▶ TASK DESCRIPTION: Copy, word for word, each line of the data below from the first through the line containing "Swim in the Indian Ocean", and stop there.

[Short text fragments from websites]
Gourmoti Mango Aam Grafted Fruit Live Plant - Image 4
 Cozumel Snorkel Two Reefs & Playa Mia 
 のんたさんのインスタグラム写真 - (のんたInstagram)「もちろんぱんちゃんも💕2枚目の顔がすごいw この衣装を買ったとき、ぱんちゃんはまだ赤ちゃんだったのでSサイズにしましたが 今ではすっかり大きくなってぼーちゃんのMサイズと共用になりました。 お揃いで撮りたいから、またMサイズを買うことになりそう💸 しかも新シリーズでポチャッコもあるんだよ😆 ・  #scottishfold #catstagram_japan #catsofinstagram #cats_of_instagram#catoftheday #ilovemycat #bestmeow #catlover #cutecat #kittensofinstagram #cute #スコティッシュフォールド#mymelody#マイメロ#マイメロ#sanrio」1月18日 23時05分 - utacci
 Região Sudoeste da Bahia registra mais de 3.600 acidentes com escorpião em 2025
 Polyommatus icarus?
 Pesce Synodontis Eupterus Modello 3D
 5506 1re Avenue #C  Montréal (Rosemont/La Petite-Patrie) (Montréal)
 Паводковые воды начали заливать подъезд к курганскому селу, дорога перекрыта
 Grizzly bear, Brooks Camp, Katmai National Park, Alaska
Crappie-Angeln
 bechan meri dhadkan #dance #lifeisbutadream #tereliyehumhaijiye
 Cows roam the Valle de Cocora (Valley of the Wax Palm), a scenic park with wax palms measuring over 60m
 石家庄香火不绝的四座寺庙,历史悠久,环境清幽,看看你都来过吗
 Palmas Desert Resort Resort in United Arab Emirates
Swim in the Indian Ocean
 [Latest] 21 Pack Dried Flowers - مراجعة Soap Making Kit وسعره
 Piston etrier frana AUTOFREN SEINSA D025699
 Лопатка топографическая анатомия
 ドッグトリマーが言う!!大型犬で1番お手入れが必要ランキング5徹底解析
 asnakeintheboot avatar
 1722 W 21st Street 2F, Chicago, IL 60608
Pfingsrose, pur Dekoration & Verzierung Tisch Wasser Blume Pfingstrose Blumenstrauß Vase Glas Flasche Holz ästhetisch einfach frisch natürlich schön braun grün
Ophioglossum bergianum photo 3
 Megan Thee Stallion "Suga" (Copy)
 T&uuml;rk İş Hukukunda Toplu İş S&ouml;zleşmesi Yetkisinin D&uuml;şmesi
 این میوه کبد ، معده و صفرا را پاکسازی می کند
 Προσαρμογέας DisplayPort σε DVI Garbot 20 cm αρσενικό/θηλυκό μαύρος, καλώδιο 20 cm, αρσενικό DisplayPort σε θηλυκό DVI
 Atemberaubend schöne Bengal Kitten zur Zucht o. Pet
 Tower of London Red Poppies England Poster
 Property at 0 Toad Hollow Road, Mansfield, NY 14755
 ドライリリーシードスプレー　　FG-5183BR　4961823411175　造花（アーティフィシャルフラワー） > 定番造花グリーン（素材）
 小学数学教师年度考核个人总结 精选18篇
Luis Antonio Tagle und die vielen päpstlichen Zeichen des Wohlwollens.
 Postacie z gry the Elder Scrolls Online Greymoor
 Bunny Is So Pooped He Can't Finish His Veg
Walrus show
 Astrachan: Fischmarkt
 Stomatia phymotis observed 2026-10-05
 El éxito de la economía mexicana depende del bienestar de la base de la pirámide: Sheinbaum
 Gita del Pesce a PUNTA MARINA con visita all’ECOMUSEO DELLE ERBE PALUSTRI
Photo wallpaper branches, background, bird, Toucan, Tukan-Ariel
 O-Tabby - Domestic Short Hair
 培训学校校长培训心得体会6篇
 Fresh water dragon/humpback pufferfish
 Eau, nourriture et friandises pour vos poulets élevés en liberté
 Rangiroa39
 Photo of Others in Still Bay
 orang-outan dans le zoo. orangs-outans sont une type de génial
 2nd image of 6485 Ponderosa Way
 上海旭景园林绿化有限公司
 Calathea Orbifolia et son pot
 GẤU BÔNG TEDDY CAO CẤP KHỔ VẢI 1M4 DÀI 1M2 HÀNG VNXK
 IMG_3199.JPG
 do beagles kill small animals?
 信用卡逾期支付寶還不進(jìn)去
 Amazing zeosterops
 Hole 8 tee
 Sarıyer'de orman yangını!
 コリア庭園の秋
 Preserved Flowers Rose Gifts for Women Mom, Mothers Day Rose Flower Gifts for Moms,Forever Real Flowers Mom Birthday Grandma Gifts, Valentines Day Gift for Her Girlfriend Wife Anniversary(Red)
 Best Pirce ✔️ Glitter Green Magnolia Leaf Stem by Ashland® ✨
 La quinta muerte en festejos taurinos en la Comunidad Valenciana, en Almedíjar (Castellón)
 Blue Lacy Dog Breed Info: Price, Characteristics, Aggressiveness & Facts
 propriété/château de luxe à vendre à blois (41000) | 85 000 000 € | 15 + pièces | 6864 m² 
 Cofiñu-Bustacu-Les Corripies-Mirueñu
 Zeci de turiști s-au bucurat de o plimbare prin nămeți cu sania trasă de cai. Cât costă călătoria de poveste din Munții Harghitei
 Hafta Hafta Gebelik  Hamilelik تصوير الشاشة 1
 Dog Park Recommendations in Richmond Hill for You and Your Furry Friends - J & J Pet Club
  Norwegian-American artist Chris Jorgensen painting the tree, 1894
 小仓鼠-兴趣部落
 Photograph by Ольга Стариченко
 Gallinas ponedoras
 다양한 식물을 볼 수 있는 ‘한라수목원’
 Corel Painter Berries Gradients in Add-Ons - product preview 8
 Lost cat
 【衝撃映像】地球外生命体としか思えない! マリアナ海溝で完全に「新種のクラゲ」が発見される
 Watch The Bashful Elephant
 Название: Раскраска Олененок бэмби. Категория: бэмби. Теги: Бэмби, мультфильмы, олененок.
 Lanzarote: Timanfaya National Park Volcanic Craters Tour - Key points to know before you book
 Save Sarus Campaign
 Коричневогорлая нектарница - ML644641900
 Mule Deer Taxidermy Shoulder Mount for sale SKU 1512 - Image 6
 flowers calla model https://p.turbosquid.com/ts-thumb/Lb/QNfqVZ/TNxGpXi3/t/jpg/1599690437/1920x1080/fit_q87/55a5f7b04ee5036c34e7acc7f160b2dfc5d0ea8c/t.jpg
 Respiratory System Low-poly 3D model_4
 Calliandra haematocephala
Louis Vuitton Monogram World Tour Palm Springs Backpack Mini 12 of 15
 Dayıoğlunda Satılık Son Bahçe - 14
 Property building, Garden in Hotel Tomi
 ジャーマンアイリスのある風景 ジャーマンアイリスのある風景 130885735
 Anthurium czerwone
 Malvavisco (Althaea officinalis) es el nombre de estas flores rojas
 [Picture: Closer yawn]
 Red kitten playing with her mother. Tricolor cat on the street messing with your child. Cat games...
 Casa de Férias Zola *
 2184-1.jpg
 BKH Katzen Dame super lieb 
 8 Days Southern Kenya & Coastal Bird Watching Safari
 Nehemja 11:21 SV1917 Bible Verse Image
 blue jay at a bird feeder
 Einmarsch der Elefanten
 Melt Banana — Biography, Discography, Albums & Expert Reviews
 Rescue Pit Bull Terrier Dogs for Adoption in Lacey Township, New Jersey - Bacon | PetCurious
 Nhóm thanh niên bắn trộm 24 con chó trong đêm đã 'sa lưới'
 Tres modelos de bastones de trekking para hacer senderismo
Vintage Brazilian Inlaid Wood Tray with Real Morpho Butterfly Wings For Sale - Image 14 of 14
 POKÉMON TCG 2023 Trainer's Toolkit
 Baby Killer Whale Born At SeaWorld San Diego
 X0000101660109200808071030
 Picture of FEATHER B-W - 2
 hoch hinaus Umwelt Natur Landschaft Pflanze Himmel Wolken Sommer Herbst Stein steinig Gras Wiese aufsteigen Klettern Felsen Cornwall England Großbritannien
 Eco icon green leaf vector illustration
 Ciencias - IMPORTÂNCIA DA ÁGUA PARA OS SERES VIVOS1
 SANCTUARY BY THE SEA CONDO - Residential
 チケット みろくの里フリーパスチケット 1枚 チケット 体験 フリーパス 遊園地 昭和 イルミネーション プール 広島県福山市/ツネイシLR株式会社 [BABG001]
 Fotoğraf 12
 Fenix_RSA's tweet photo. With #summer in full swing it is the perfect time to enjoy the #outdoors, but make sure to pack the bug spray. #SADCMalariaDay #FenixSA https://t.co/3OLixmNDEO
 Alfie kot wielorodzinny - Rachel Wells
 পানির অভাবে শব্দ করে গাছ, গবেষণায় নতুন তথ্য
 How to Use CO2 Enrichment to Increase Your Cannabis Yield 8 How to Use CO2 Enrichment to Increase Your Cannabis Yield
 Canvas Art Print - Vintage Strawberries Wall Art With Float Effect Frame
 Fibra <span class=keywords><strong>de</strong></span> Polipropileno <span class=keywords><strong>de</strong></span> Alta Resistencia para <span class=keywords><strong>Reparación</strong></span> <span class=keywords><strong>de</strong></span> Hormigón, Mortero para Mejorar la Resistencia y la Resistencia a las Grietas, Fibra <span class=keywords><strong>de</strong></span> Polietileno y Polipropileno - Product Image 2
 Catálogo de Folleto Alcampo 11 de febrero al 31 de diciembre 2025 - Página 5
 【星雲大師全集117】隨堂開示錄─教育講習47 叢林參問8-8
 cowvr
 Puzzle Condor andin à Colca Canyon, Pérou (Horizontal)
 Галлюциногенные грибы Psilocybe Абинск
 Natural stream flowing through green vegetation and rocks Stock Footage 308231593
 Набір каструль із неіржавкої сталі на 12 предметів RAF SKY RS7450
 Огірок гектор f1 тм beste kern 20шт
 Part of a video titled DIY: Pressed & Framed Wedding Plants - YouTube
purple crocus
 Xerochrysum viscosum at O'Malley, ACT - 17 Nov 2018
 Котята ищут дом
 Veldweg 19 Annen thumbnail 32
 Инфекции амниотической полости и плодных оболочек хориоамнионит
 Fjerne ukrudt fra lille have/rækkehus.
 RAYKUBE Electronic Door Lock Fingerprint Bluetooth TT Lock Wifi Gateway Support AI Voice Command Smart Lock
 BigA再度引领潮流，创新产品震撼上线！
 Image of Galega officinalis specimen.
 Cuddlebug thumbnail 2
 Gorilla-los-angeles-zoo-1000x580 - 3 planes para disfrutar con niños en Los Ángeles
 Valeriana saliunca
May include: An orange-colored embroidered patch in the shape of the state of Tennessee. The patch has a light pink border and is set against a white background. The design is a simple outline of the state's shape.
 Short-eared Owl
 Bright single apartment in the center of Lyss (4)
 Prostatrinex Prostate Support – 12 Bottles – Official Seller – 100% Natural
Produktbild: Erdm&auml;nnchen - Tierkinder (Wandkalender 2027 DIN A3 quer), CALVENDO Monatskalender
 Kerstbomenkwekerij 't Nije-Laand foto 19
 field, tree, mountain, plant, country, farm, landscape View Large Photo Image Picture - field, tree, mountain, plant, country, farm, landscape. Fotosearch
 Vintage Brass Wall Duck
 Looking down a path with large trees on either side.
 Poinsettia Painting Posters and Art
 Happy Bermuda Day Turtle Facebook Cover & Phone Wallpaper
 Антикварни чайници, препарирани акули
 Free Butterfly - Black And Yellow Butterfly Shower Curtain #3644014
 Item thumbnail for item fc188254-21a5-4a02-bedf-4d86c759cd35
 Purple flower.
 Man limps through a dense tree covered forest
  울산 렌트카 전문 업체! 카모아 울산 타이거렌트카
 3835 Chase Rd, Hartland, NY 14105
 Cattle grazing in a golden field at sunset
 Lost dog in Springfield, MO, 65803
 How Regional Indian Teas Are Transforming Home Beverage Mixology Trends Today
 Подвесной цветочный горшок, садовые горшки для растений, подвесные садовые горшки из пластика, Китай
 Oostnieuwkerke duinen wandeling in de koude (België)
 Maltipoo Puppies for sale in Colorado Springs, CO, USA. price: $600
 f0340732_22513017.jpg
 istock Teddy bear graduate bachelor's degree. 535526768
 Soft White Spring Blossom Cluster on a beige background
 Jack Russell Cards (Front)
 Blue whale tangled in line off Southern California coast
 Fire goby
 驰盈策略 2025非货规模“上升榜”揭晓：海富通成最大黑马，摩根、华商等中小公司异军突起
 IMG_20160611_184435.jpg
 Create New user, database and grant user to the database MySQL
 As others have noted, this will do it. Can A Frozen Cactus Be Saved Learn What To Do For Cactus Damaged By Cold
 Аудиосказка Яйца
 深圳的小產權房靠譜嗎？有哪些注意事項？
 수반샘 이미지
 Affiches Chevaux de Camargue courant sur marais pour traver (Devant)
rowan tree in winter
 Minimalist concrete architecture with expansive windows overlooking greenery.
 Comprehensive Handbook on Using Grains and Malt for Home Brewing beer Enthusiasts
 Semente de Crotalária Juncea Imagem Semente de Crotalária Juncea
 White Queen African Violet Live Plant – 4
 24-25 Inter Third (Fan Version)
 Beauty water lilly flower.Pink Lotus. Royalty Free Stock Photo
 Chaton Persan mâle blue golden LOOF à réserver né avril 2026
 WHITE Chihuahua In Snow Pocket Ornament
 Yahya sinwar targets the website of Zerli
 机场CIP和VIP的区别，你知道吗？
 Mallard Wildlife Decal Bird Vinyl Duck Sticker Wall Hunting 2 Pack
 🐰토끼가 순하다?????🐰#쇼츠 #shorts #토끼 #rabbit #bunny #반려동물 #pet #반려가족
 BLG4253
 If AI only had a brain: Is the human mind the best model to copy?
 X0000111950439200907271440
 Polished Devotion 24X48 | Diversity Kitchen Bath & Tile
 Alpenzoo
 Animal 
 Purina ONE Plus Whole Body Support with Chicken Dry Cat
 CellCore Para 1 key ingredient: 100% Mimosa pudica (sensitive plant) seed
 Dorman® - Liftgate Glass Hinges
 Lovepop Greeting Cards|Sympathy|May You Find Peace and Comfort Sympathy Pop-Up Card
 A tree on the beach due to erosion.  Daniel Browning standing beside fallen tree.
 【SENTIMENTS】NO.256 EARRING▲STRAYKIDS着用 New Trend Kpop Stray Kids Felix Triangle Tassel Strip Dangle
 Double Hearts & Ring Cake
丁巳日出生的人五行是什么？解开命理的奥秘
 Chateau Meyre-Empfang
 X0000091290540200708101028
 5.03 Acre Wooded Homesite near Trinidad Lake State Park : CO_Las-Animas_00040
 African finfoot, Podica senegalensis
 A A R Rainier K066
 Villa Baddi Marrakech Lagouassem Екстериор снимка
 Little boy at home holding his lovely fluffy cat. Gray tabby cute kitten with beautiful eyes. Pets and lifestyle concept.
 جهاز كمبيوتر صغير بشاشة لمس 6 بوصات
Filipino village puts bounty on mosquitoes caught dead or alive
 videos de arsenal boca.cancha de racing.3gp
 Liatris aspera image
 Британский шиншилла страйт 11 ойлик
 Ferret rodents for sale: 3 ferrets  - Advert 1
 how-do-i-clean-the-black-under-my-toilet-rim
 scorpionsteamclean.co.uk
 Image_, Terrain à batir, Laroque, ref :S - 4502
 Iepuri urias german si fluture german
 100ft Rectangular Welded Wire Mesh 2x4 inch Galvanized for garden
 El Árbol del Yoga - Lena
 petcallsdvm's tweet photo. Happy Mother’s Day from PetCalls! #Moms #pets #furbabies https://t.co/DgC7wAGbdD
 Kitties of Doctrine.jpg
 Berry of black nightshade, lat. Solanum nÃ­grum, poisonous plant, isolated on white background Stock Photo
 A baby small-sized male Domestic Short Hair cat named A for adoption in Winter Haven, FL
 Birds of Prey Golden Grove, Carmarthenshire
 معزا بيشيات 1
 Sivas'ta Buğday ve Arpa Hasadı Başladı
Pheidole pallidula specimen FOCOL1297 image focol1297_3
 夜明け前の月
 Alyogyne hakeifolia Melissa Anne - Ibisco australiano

▶ FINISHED TASK:
Gourmoti Mango Aam Grafted Fruit Live Plant - Image 4
 Cozumel Snorkel Two Reefs & Playa Mia 
 のんたさんのインスタグラム写真 - (のんたInstagram)「もちろんぱんちゃんも💕2枚目の顔がすごいw この衣装を買ったとき、ぱんちゃんはまだ赤ちゃんだったのでSサイズにしましたが 今ではすっかり大きくなってぼーちゃんのMサイズと共用になりました。 お揃いで撮りたいから、またMサイズを買うことになりそう💸 しかも新シリーズでポチャッコもあるんだよ😆 ・  #scottishfold #catstagram_japan #catsofinstagram #cats_of_instagram#catoftheday #ilovemycat #bestmeow #catlover #cutecat #kittensofinstagram #cute #スコティッシュフォールド#mymelody#マイメロ#マイメロ#sanrio」1月18日 23時05分 - utacci
 Região Sudoeste da Bahia registra mais de 3.600 acidentes com escorpião em 2025
 Polyommatus icarus?
 Pesce Synodontis Eupterus Modello 3D
 5506 1re Avenue #C  Montréal (Rosemont/La Petite-Patrie) (Montréal)
 Паводковые воды начали заливать подъезд к курганскому селу, дорога перекрыта
 Grizzly bear, Brooks Camp, Katmai National Park, Alaska
Crappie-Angeln
 bechan meri dhadkan #dance #lifeisbutadream #tereliyehumhaijiye
 Cows roam the Valle de Cocora (Valley of the Wax Palm), a scenic park with wax palms measuring over 60m
 石家庄香火不绝的四座寺庙,历史悠久,环境清幽,看看你都来过吗
 Palmas Desert Resort Resort in United Arab Emirates
Swim in the Indian Ocean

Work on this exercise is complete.